In a thoughtful opinion, the Alabama court concluded that because the United States Supreme Court has not yet expressly recognized a constitutional right to sexual freedom, analogous to the freedom of speech, the freedom of religion, or the freedom to use contraceptives, the law must be upheld as long as it has a rational justification. And, applying that test, the court held that the statute could rationally be justified as an effort to enforce the "public morality."

The Alabama court's understanding of the governing precedents of the United States Supreme Court is reasonable. Although the Supreme Court has held that the government cannot constitutionally prohibit the sale of contraceptives, it grounded that doctrine in the fundamental right of individuals to decide for themselves whether to "bear or beget" a child. That doctrine concerns reproductive rather than sexual freedom.

And although the Supreme Court has held that the government cannot constitutionally prohibit private homosexual conduct, it arguably grounded that doctrine in part on concerns about discrimination against homosexuals, rather than on a doctrine of sexual freedom.

Thus, it was reasonable for the Alabama Supreme Court to conclude that the United States Supreme Court has not yet expressly recognized a right of sexual freedom.

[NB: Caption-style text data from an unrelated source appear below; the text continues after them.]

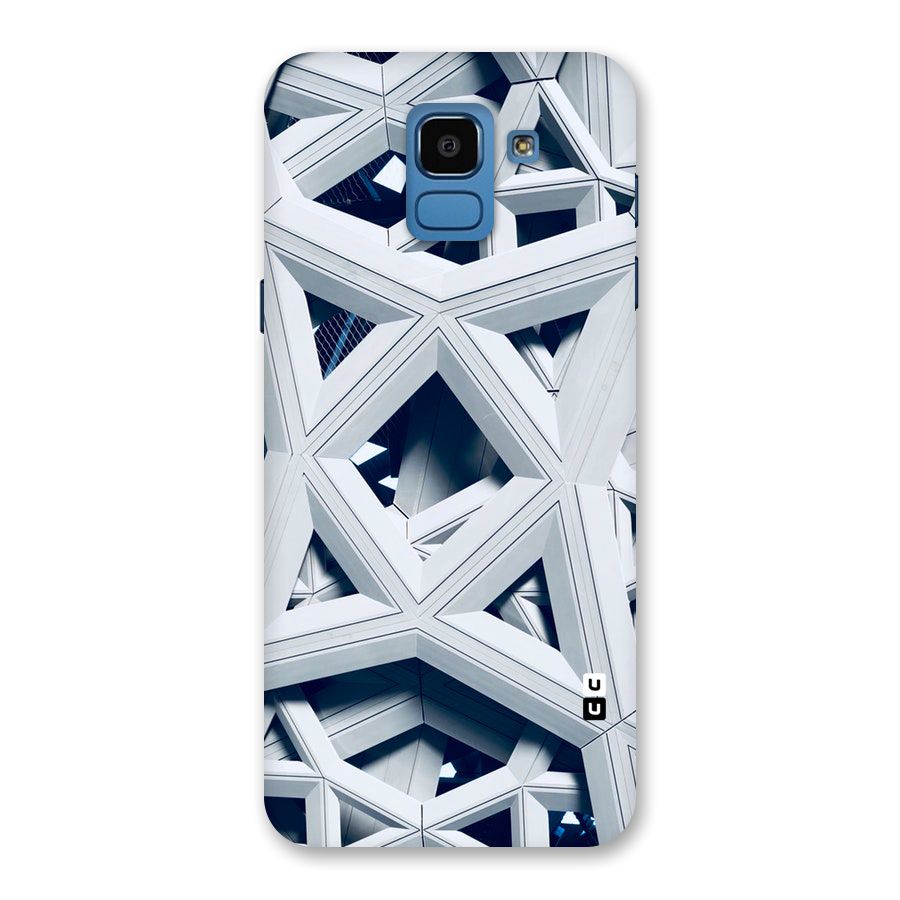 Abstract White Lines Back Case for Galaxy On6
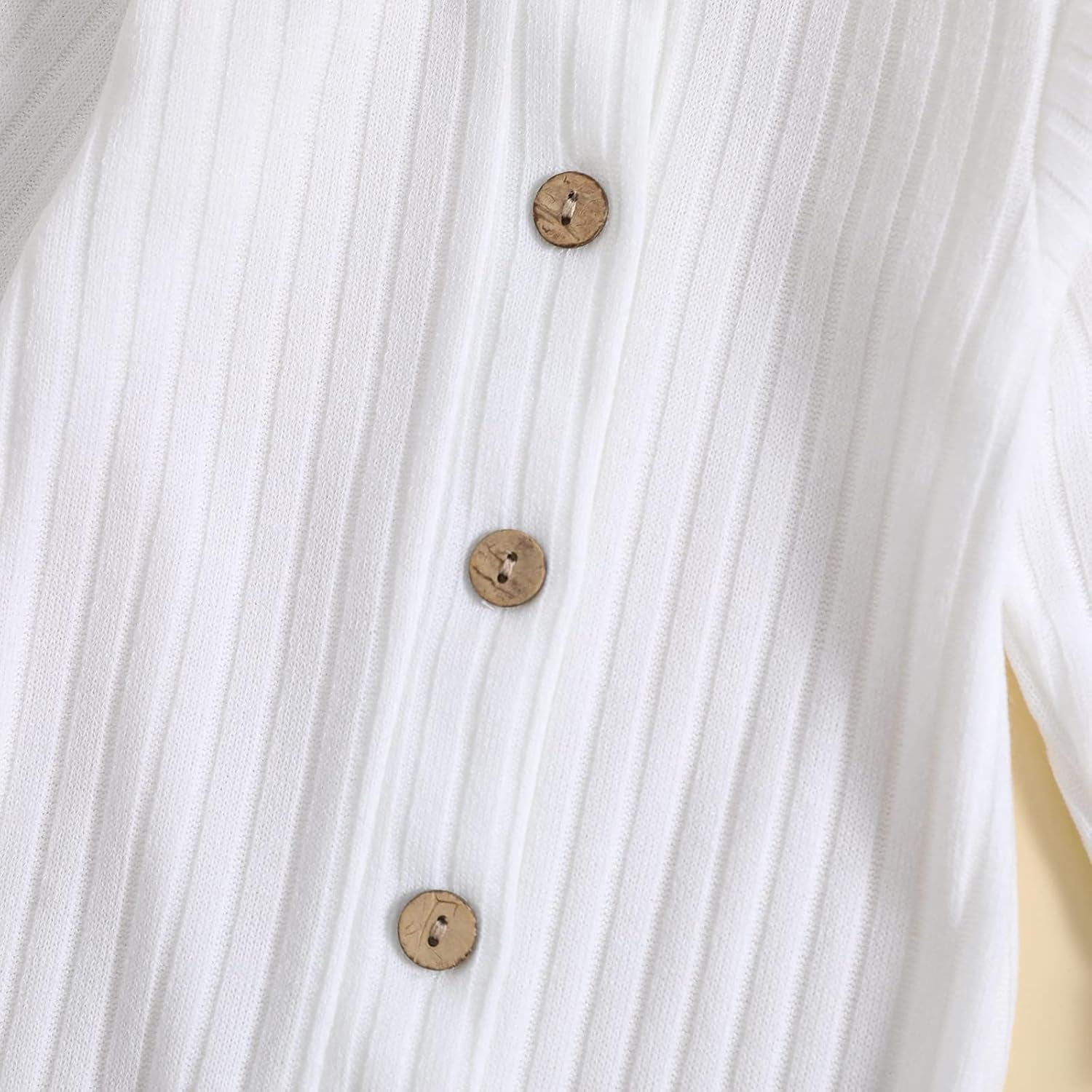 Lovely Solid Color Baby Long Sleeve Jumpsuit Baby Girl Bodysuit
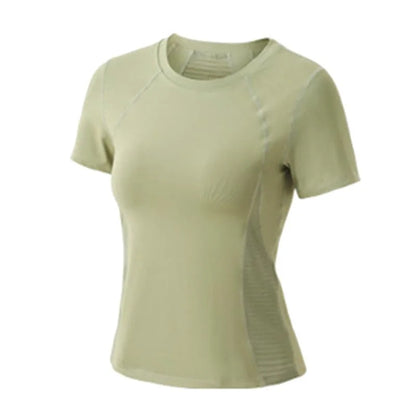 Women Gym Yoga Wear Sport High Waist Short Pocket Run Women Sportswear Fitness Outfi Push Up Quick Drying Summer Sport Clothing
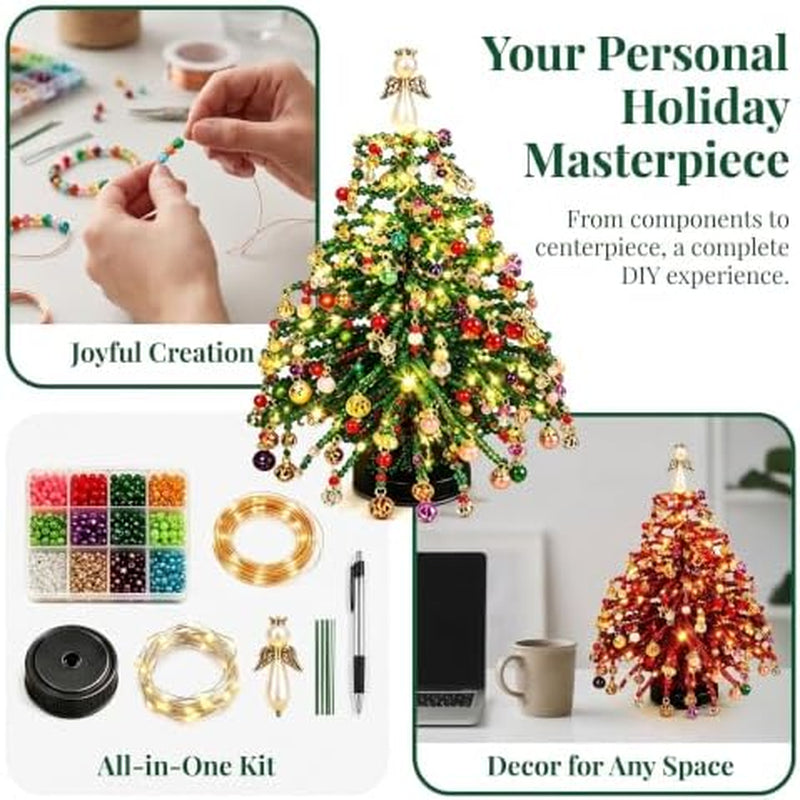 Beaded Christmas Tree Kit - DIY Crystal Craft Set for Adults – image 6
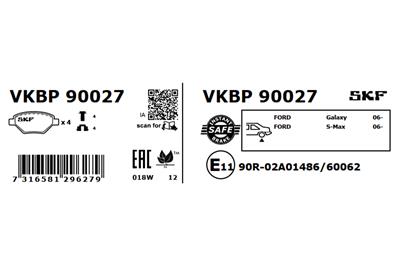 SKF VKBP 90027 EAN: 7316581296279.
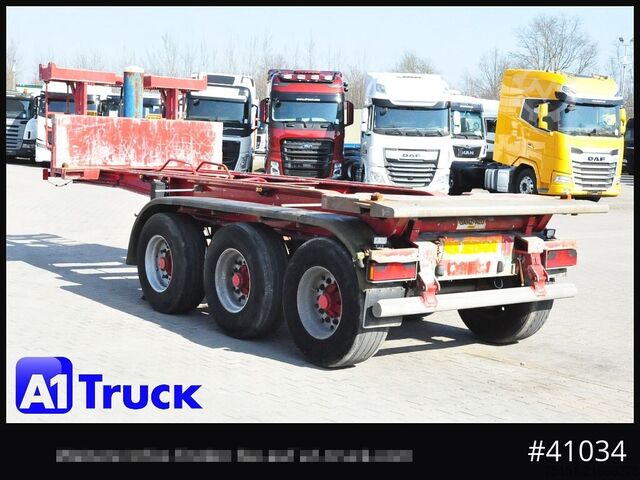 Tipper semitrailer MEIERLING MSA 27, Kippchassi, 20'' Container, Kipper, Alurahmen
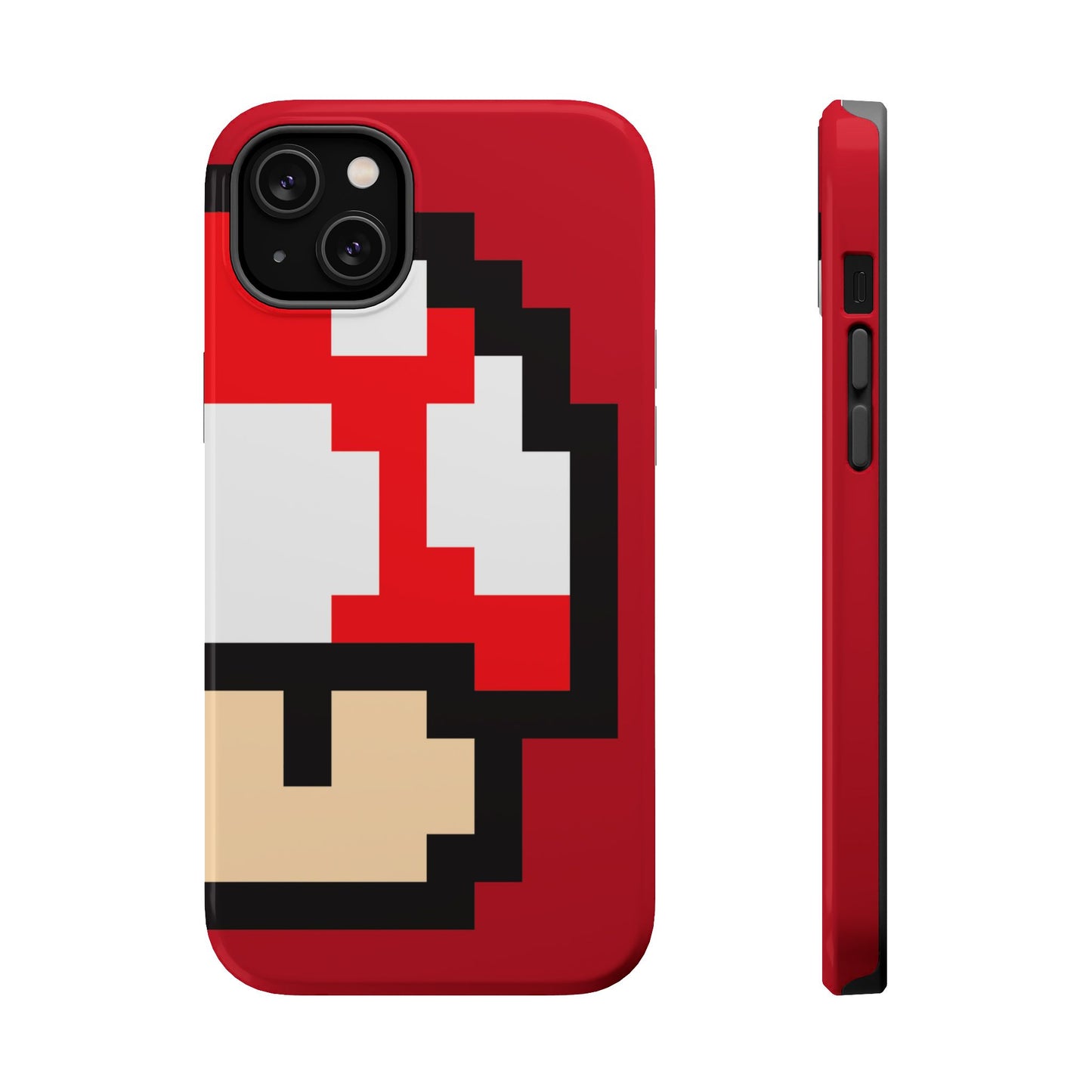 MagSafe Tough Mario Red Case | iPhone 15, 14, 13 | Perfect Unique Valentine's Day Gift for Gamer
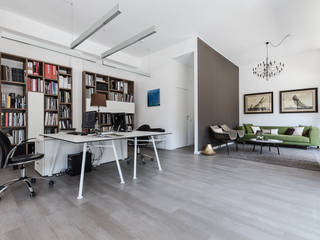 NG studio Interior Design - The Studio in Sanremo, Italy, NG-STUDIO Interior Design NG-STUDIO Interior Design Modern study/office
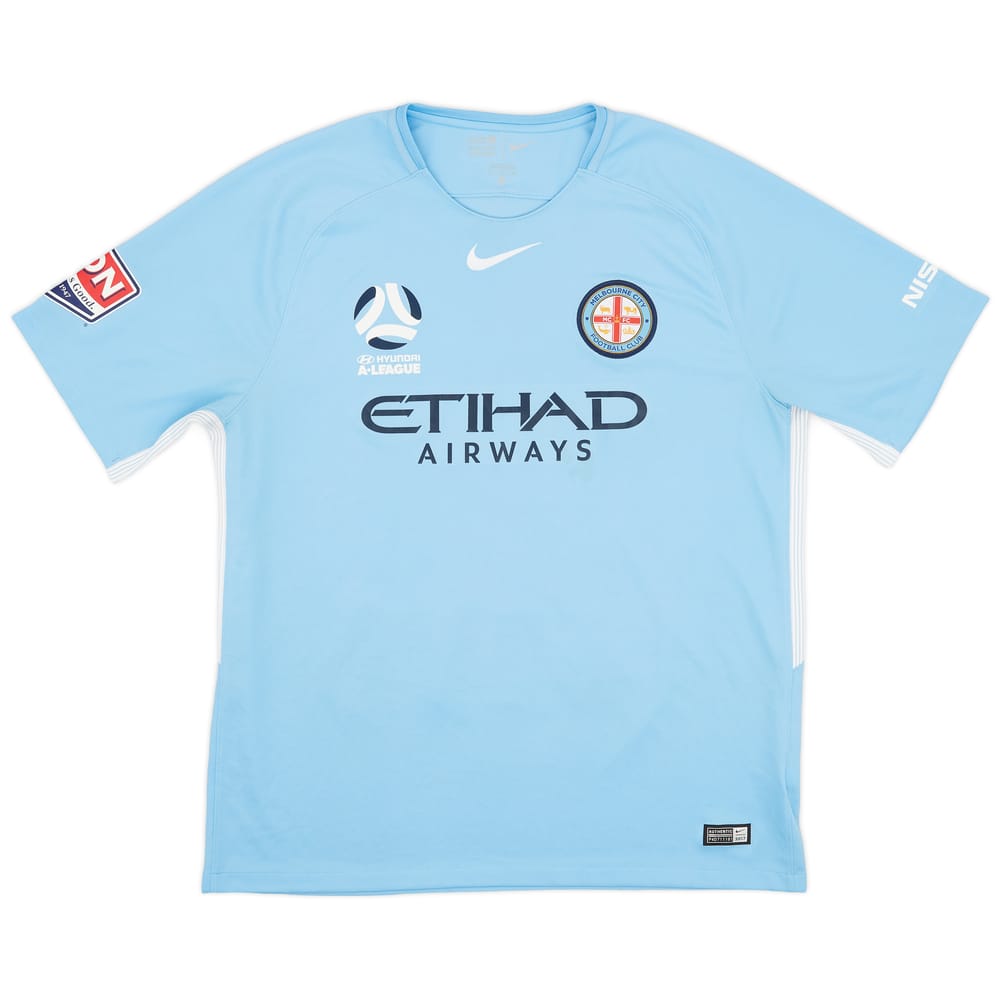 2017-18 Melbourne City Home Shirt - 9/10 - (XL)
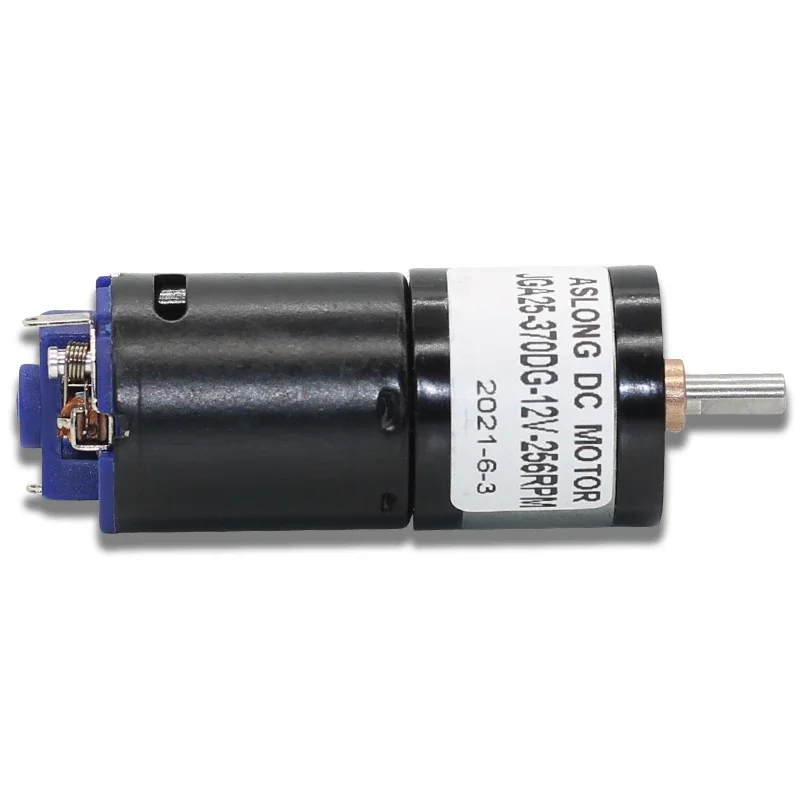 Мотор-редуктор постоянного тока 25 мм, 6 В, 12 В, JGA25-370, HIGH TORQUE, двигатель с длинным валом 12/25 мм
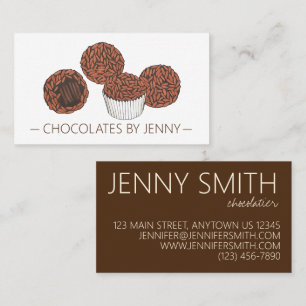 Carte De Visite Chocolat Boutique Chocolatier Chef pâtisserie Brig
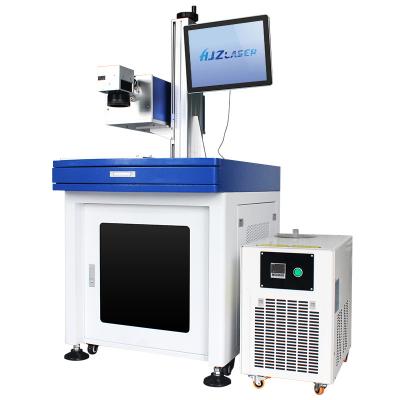 China 3D manufacturer HJZ UV Laser Marking Machine 3w for laser plastic glass UV engraving machine for sale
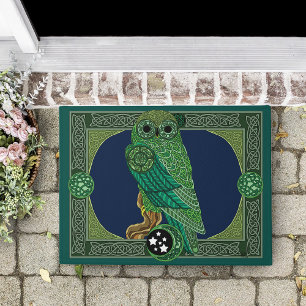 Keltische Groene Oil Deurmat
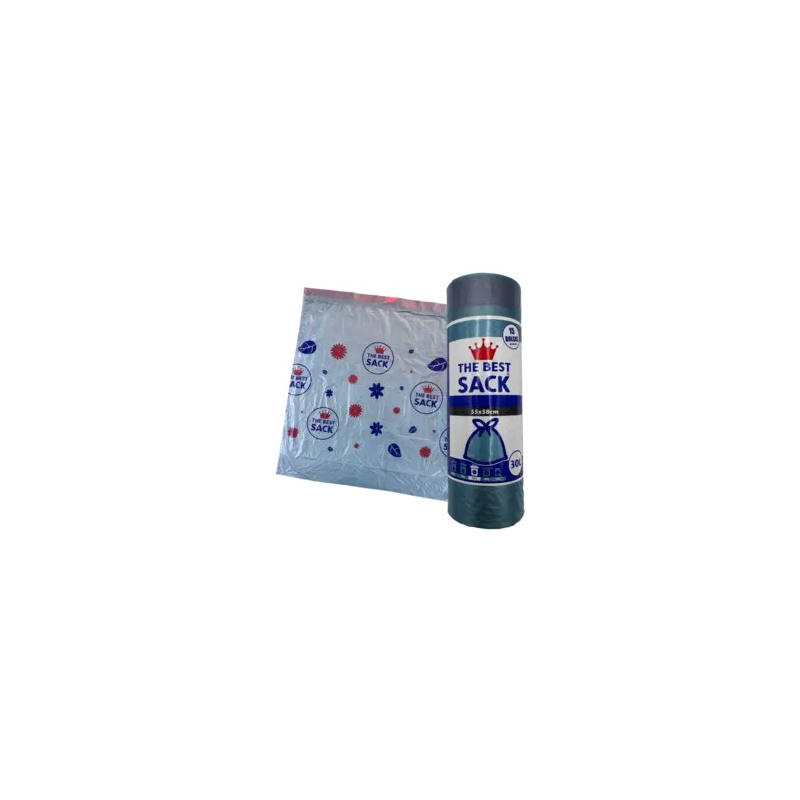 B BASURA AUTOCIERRE PERFUM 55X58 THEBESTSACK 15U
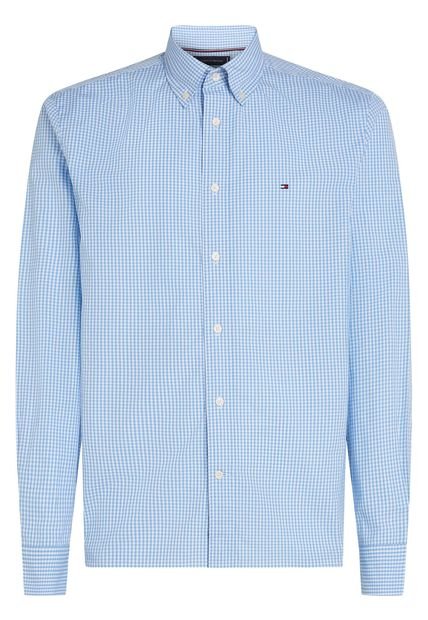 Camisa Azul TH Flex Regular De Cuadros Vichy Tommy Hilfiger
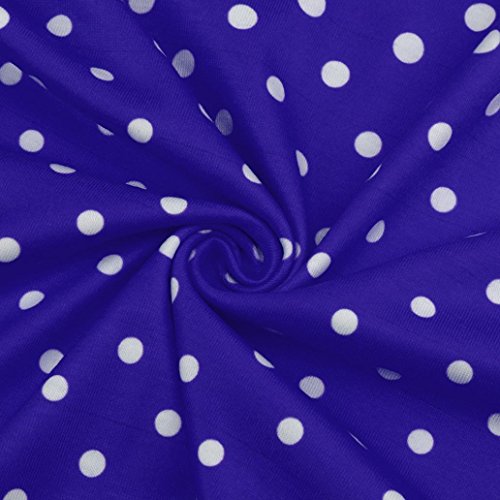 Yvelands Moda Femenina Elegante Hermoso O-Cuello de Tres Cuartos Manga Lunares gradiente de impresión Tops Camiseta Blusa Fiesta de la Boda, Liquidación Barato! (Púrpura, L)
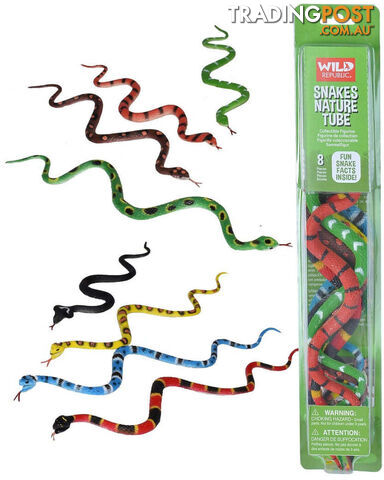 Wild Republic - Nature Tube Snake Collection - Wr12884 - 092389128840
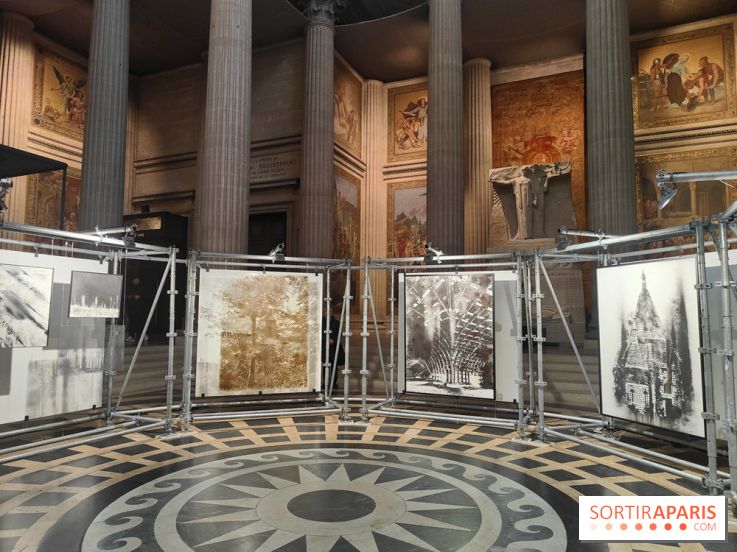 Ombre est lumière, mémoire des lieux : une exposition d'art contemporain au cœur du Panthéon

At the same time, though, the Alabama Supreme Court acknowledged that a more aggressive version of the anti-sex aid statute might well be unconstitutional. For example, if the law prohibited not only the sale of such devices, but also their use, it might so intrude on the individual's right of personal privacy as to violate the Constitution.

Or, to take the point even a step further, suppose the state made it a crime to masturbate. It is difficult to believe that a nation dedicated to "the pursuit of happiness" and the freedom, autonomy and privacy of the individual could possibly allow such a law. But is there really a difference?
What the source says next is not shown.